A Phase 1/2 clinical trial evaluating the investigational drugs avelumab, a PD-L1 inhibitor, and defactinib, a FAK inhibitor, in patients with advanced ovarian cancer has dosed its first patient, Verastem announced.

The study is expected to enroll up to 100 patients at possibly 15 sites across the U.S. It is currently enrolling participants, and information is available on its clinical trials.gov webpage.

“Patients with late-stage ovarian cancer are in dire need of effective new treatments. We are eager to review the results of this important study as we continue to investigate the potential of avelumab to address the unmet needs for this hard-to-treat cancer,” Dr. Alise Reicin, head of Global Clinical Development at Merck KGaA, Darmstadt, Germany’s biopharma business, said in a news release. [Verastem is conducting the study in collaboration with Merck (EMD Serono in the U.S. and Canada) and Pfizer.]

The focal adhesion kinase (FAK) protein, which is found at high levels in several tumors, is thought to aid in tumor immune evasion. Studies have shown that blocking this protein can lower the numbers of immunosuppressive T-cells and increase those of killer T-cells, suggesting that combining a FAK inhibitor with immune checkpoint inhibitors could be a promising approach for cancer patients.

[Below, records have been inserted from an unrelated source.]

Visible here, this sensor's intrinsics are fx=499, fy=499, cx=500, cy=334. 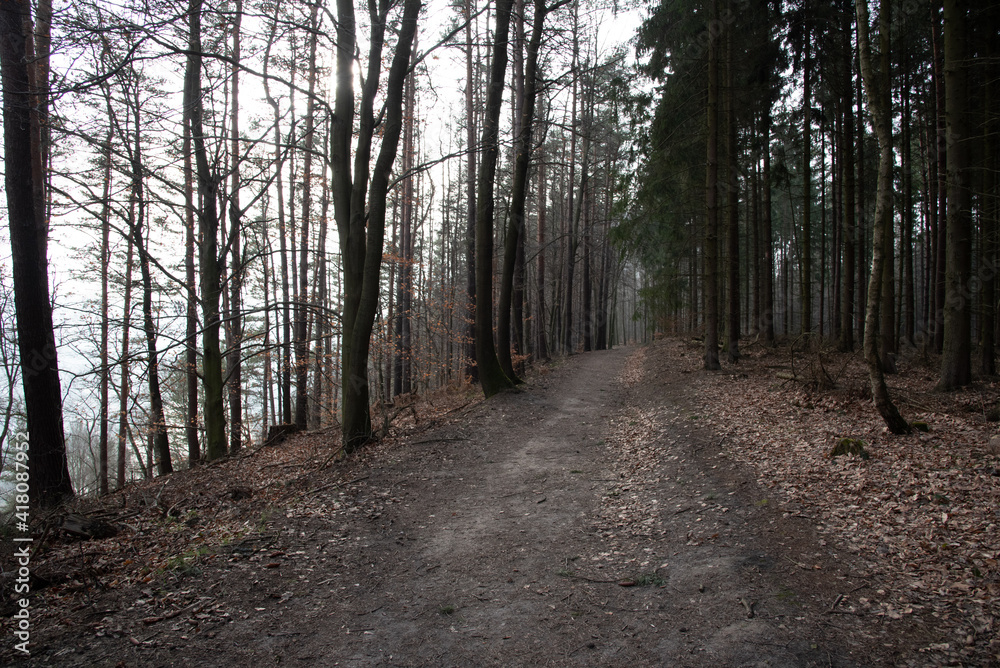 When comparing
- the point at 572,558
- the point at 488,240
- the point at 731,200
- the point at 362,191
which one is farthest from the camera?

“Our goal, through this collaboration, is to increase our understanding of FAK inhibition, and further demonstrate the alliance’s commitment to exploring a diverse range of novel combinations with avelumab,” said Chris Boshoff, MD, PhD, senior vice president and head of Immuno-oncology, Early Development and Translational Oncology at Pfizer.

The Phase 1/2 trial (NCT02943317) is a multicenter, open-label, two-part study (dose escalation and dose expansion), designed to assess the safety and efficacy of defactinib plus avelumab in patients with recurrent or refractory stage 3 or 4 ovarian cancer.

In the dose escalation part of the study, about 18 patients will receive avelumab in 28 day-cycles (10 mg/kg intravenously on days 1 and 15) and oral defactinib twice daily.

In the absence of a dose-limiting toxicity, each patient will be given a minimum of one cycle, and may continue receiving additional cycles until disease progression or unacceptable toxicity.

After determining optimum dosing for defactinib, the dose expansion part of the trial will begin. This part intends to enroll about 80 patients, receiving avelumab (10 mg/kg on days 1 and 15 of 28-day cycles) plus defactinib at the defined dose.

The study’s primary endpoint is safety and overall response, and secondary endpoints include progression-free survival, overall survival, time to treatment response, and duration of response.

“Initiation of this clinical trial evaluating the combination of avelumab and defactinib represents an important milestone for Verastem, and together with our collaborators at Merck KGaA, Darmstadt, Germany, and Pfizer, we are eager to evaluate the potential of this combination to provide ovarian cancer patients with a new treatment option,” said Robert Forrester, president and chief execcutive officer of Verastem.